Exercise goal: Write out again the lines from the line with "1104 Fairlawn Dr, Bryan, OH 43506 - photo 31" up to and including the line with "2 MI to the", exactly as they stand below, and skip any picture.

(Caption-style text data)
====================

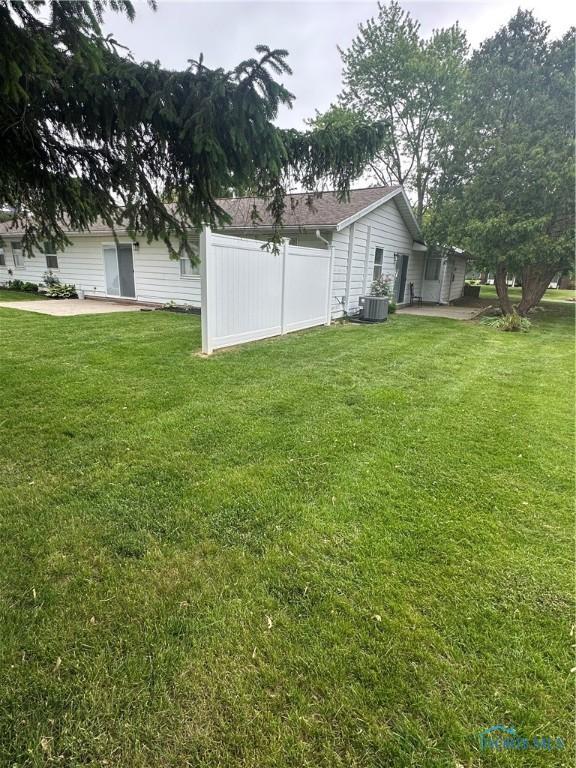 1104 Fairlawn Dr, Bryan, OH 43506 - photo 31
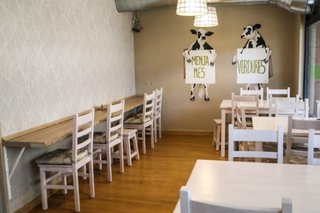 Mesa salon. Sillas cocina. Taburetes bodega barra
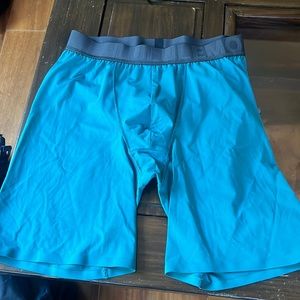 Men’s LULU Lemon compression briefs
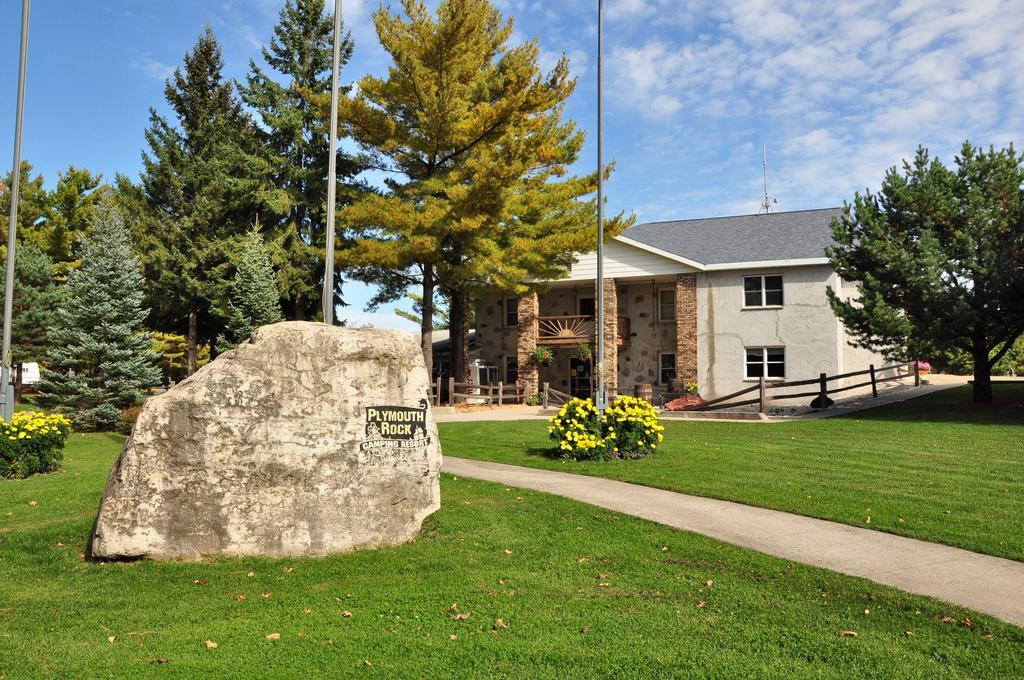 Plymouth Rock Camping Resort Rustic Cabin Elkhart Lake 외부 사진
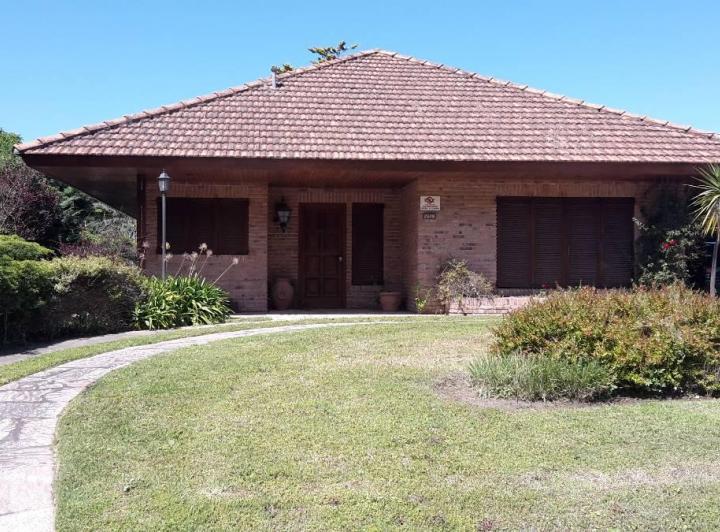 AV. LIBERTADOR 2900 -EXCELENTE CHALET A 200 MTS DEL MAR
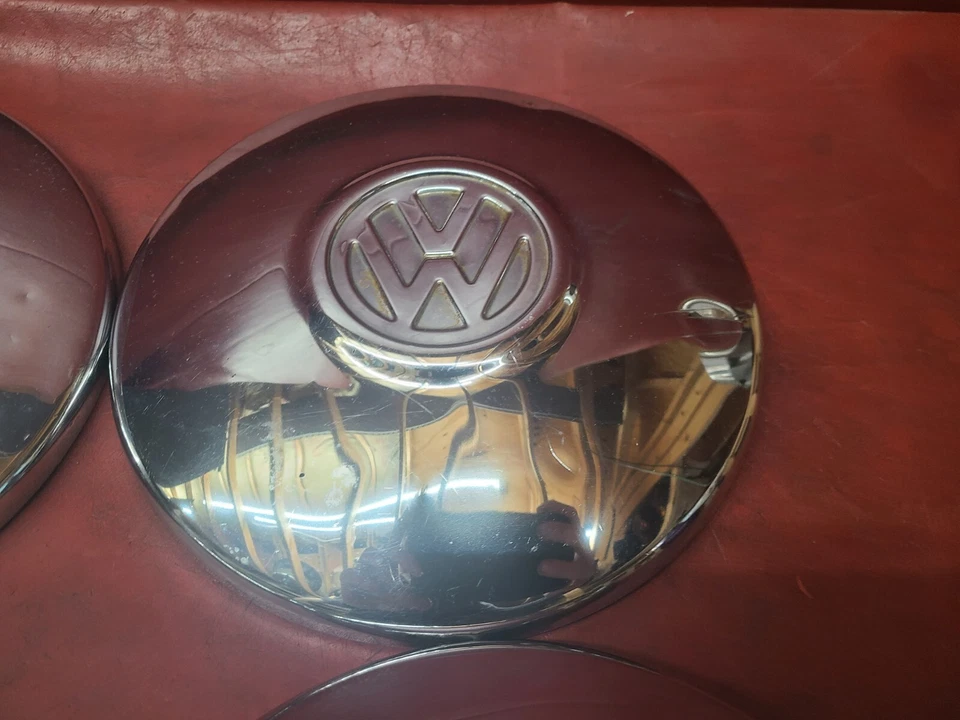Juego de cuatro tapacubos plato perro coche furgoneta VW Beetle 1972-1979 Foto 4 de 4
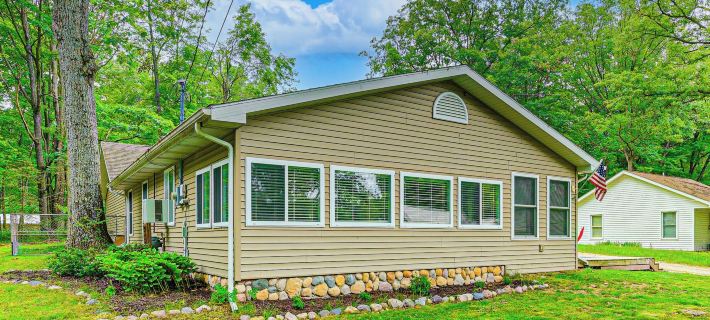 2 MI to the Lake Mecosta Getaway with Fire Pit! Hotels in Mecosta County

====================

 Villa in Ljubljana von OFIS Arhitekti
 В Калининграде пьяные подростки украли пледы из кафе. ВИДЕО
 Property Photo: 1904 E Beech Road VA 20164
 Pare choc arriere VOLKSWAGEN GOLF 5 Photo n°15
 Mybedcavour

====================

Answer section:
 1104 Fairlawn Dr, Bryan, OH 43506 - photo 31
 Mesa salon. Sillas cocina. Taburetes bodega barra
 Men’s LULU Lemon compression briefs
 Plymouth Rock Camping Resort Rustic Cabin Elkhart Lake 외부 사진
 AV. LIBERTADOR 2900 -EXCELENTE CHALET A 200 MTS DEL MAR
Juego de cuatro tapacubos plato perro coche furgoneta VW Beetle 1972-1979 Foto 4 de 4
 2 MI to the Lake Mecosta Getaway with Fire Pit! Hotels in Mecosta County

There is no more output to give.